== DATA TO EXAMINE ==
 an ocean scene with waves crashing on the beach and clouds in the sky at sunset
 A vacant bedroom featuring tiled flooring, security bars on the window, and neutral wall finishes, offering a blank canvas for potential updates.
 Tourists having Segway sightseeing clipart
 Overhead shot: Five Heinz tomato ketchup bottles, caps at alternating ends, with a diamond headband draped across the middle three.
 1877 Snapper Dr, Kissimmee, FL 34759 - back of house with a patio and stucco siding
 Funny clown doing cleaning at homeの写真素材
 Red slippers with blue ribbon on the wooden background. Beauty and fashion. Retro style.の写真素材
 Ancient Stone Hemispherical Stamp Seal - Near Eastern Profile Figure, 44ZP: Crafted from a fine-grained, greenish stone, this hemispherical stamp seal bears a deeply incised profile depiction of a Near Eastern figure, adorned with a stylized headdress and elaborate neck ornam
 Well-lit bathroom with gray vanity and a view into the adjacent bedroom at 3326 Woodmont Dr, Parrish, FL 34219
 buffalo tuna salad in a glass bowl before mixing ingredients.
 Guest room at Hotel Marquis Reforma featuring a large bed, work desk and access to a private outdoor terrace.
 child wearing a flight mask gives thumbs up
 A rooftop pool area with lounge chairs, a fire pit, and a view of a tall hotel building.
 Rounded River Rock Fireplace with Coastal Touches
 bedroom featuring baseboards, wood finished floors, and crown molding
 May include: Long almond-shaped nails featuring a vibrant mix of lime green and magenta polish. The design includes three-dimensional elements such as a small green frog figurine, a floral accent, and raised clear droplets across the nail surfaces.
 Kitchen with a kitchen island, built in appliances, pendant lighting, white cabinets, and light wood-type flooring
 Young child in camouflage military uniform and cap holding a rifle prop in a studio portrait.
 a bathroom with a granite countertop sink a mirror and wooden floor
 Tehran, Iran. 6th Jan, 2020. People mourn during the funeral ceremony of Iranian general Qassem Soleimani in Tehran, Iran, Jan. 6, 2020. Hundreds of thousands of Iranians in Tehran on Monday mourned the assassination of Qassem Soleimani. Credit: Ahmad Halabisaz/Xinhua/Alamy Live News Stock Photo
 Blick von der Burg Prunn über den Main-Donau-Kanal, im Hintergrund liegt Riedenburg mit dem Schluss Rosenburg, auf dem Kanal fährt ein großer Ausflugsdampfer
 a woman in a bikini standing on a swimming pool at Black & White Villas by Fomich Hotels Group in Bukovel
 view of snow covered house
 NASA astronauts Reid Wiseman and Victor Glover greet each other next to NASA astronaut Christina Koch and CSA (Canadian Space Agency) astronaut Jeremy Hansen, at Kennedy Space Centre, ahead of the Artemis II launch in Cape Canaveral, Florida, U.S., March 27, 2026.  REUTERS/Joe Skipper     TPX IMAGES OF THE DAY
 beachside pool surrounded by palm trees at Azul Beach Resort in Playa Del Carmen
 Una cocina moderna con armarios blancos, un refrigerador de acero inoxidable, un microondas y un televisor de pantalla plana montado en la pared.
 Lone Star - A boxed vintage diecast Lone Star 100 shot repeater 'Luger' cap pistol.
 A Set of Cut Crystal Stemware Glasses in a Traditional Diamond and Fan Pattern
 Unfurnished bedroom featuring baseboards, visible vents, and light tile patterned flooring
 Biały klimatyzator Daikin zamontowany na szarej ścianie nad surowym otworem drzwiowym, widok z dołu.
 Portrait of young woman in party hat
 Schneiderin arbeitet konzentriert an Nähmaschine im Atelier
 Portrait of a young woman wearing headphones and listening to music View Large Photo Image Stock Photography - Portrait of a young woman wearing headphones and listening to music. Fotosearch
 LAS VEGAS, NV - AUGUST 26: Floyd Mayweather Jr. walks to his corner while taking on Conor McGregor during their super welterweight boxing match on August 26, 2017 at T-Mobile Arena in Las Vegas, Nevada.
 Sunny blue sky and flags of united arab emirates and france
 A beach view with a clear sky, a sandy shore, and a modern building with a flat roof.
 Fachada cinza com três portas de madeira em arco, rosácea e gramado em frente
===
(TASK DESCRIPTION): Using the listing above, return word for word each line from the one that has "LAS VEGAS, NV" through the one that has "Sunny blue sky", and no line outside that range.

(WRITTEN SOLUTION):
 LAS VEGAS, NV - AUGUST 26: Floyd Mayweather Jr. walks to his corner while taking on Conor McGregor during their super welterweight boxing match on August 26, 2017 at T-Mobile Arena in Las Vegas, Nevada.
 Sunny blue sky and flags of united arab emirates and france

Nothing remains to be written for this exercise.